I'm going to try to keep this short. If I obey my mother's maxim, it won't be that hard.

When I read the review above, of which I've quoted only a paragraph, I wasn't the least deterred from seeing the film. I'd been looking forward to it for months. I'd pointed out the poster to my wife, weeks ago, and said, from the poster alone, that I'd bet money John Travolta was the only one of the bunch who really rode a bike. She saw the boys later on Opra and confirmed that intuition. Heck, I'd even garnered a kitchen pass (the married guys will know what that means) to gather a group of my guy friends on opening night for a vicarious road trip followed by some serious male bonding over beer and chips.

It ended up being the night after opening night, and we should have gone straight to the bar.

Not that I didn't laugh. I laughed hard, here and there. But I wasn't expecting quite the slapstick film that I got. The best comedy I can remember from the last ten years remains America's Sweethearts. Why? Because it was side-splittingly hilarious without ever being unbelievable or silly. It was to comedy what the newest Bond was to Bond films (okay, not entirely believable, but not filled with silliness and gadgets either). How can I say this? It's the comedic difference between City Slickers and Anchorman (or any other idiotic Will Farrell film--God bless him, I'm glad my kids love him, he showed promise in Stranger than Fiction, but I could feel myself losing IQ points just watching the previews to his upcoming ice skating movie).

I realize that I'm betraying a lot about my own taste in film here, but that's the point--to allow you to get to know what I like and don't, so that you can value my opinion, or not.

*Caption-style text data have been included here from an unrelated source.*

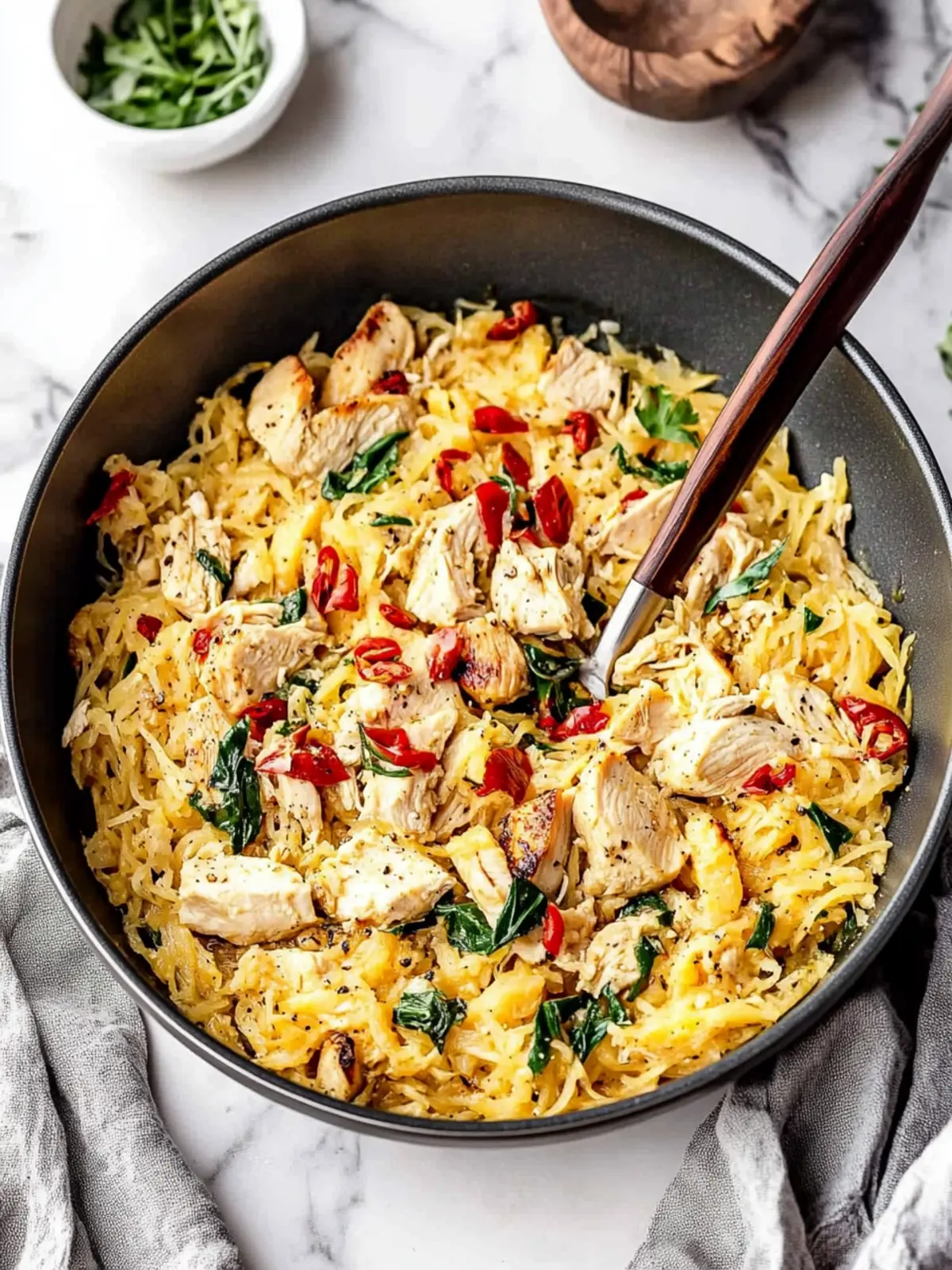 Delicious Tuscan Chicken and Spaghetti Squash You’ll Adore 4 Tuscan Chicken and Spaghetti Squash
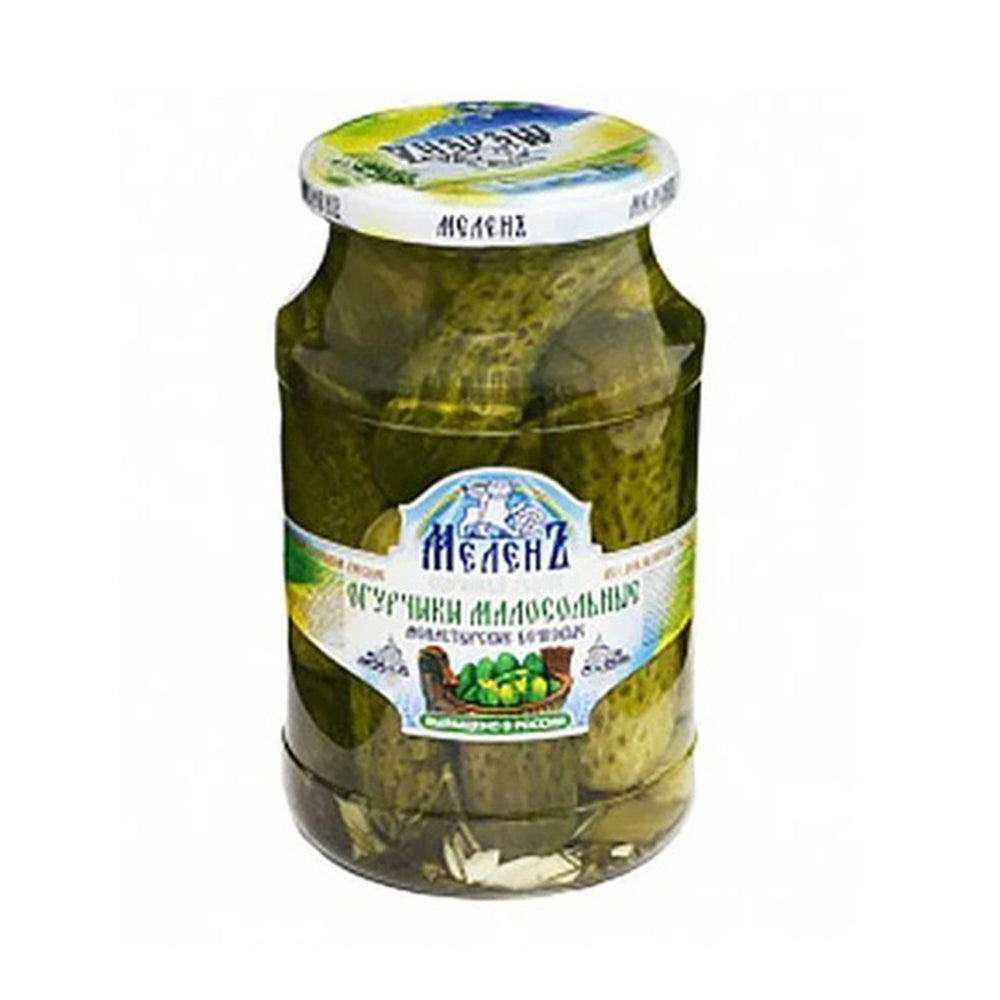 Lightly salted cucumbers "Monastic barrel". MelenЪ 900 g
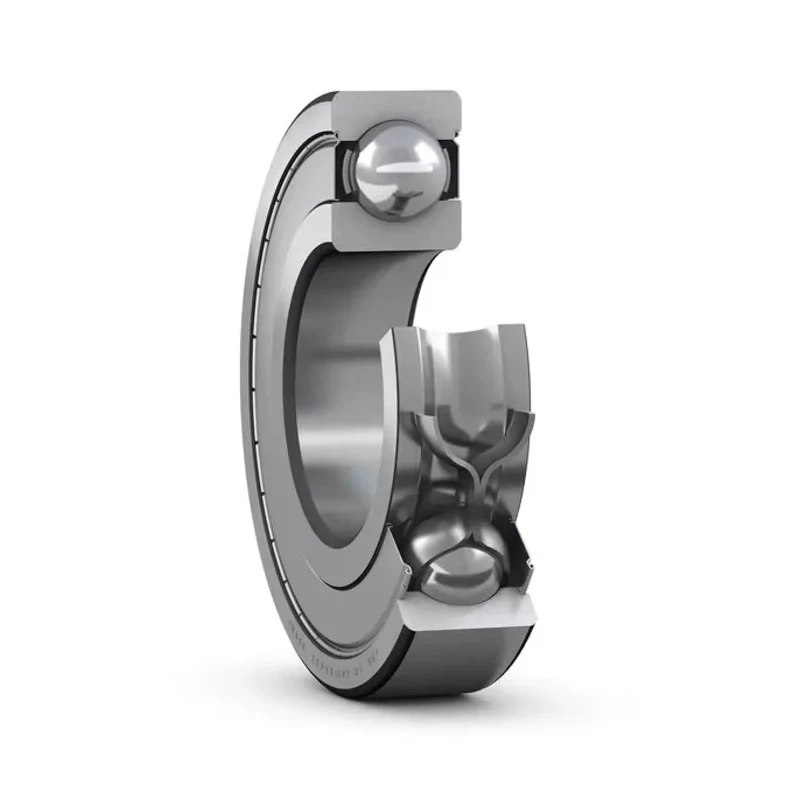 SKF Single Row Deep Groove Ball Bearing 20 mm ID 52 mm OD 15 mm Width Shielded Cage Steel 6304-2Z/C4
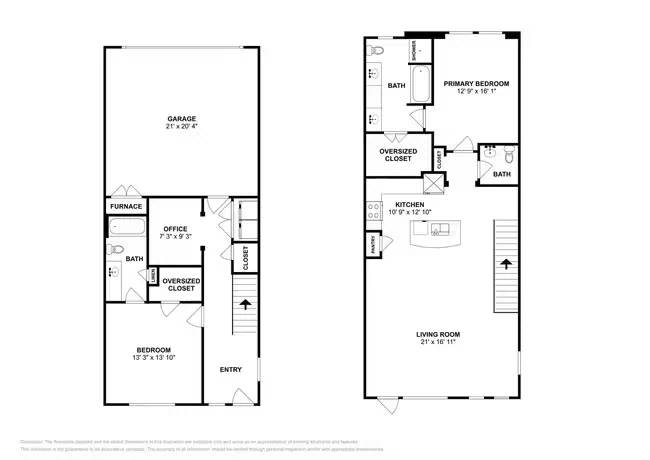 Townhome 2 01-1006 floor plan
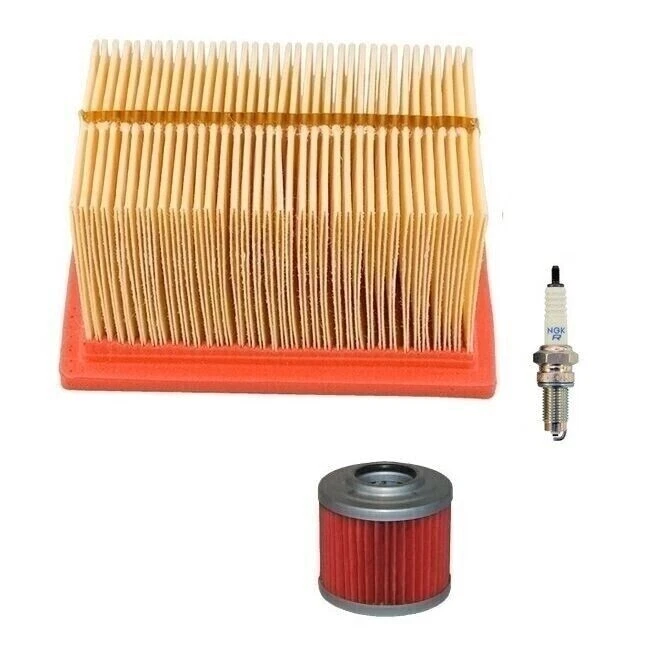 Kit de servicio para BMW F650GS / DAKAR (2000 a 08/2003) filtros y bujía NGK Foto 2 de 4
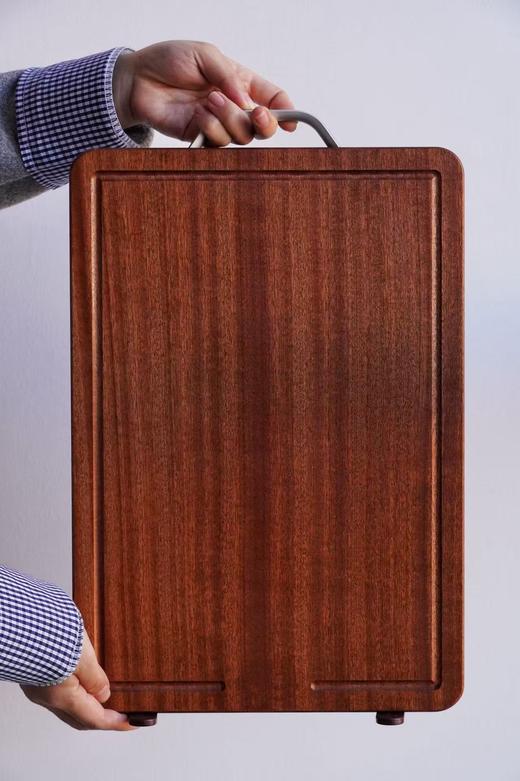 新升级❗❗可以熬过梅雨季节，用10年都不发霉🍄【Tree&wind乌檀木实木系列】非洲进口乌檀木😊整木一体制成，无漆无蜡无甲醛 ⭕厚度是普通菜板的2.5倍❗ 商品图0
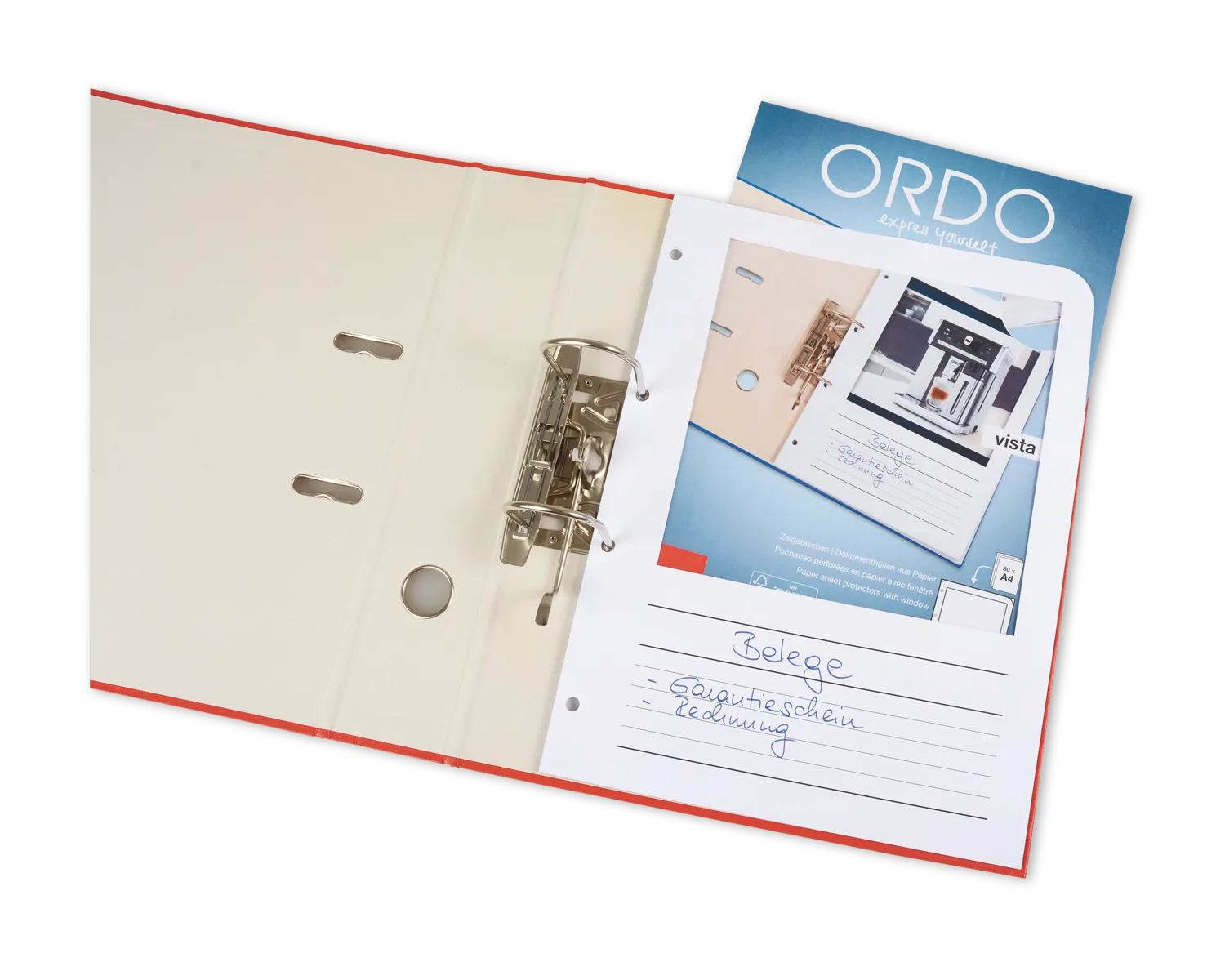 Organisationsmappe, ELCO Ordo Vista, 235 x 310 mm, 120g/m2, weiss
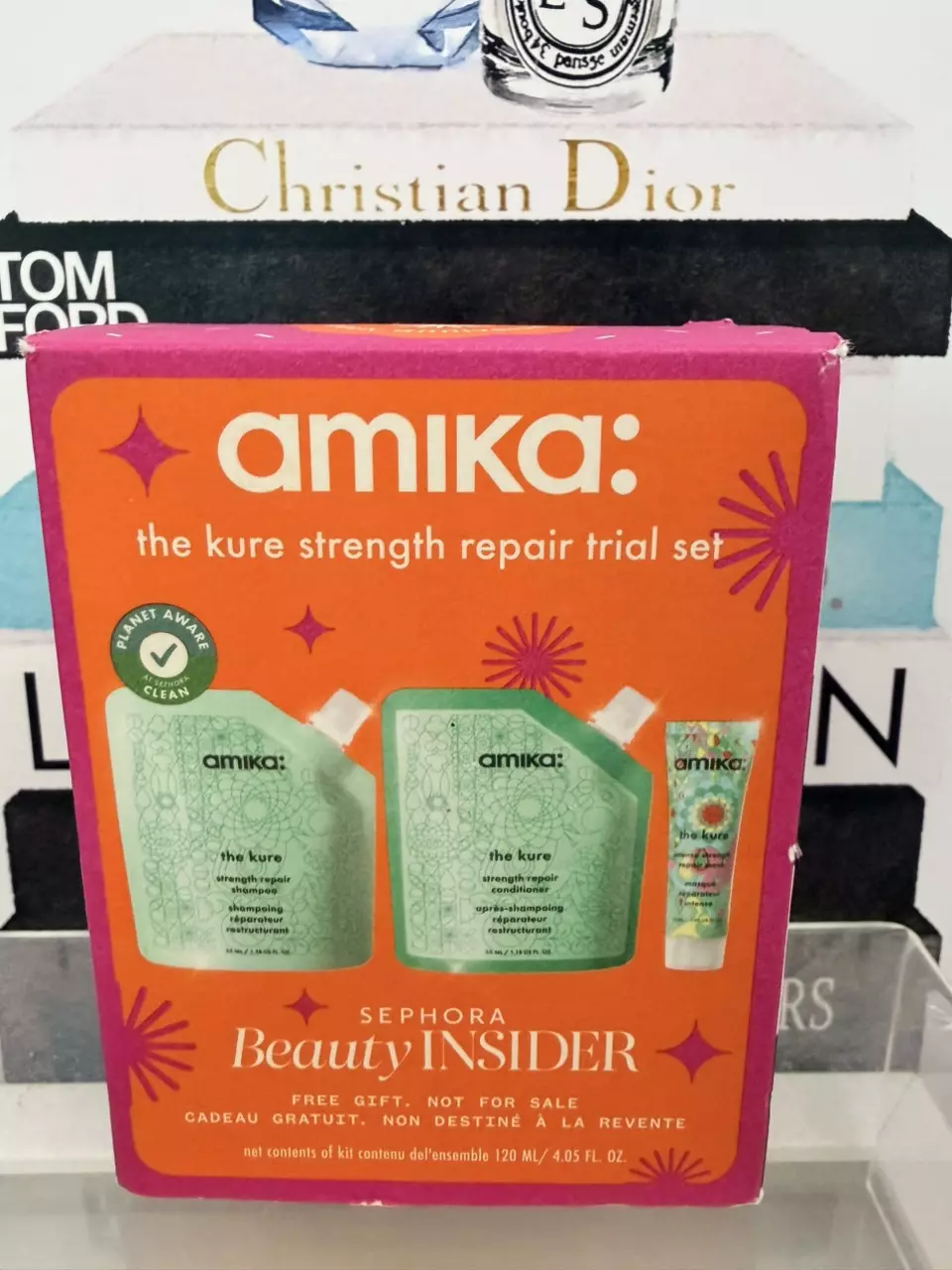 Sephora Beauty Insider. Amika the Kure travel set thumbnail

Things my children find hilarious now make me worry about their good sense, and they, on the other hand, think I'm losing my sense of humor. I'm not that cerebral either--I can only do Woody Allen if the seat is really comfortable and my head can find a position that precludes snoring. But no Will Farrell, please, and this film was headed in that direction. Not there, mind you, but dangerously close.

So, back to Wild Hogs. I wasn't deterred when I read that review because it sounded to me like jealousy was getting the better of Roger Moore. Who cares if they had fun making the film? If I can have nearly as much fun watching it, then I'm good to go. It's a guy thing. We're used to living vicariously through other guys--especially those of us who have been married for decades but still have die hard single pals. (Watch Rules of Engagement on Monday night for a healthy dose of what I mean. The writers recognize it, so I ought not be letting any cats out of the bag here.) But alas, Roger wasn't being jealous; he was just being honest.

So, bottom line, it's funny, hilarious in places, but it's silly too--too much so for most of us close to that age to seriously project ourselves into those leathers for the vicarious trip we were looking forward to. Which means, I suppose, we'll just have to do it ourselves. And , I'll have to give Roger Moore a little more credit from here on out.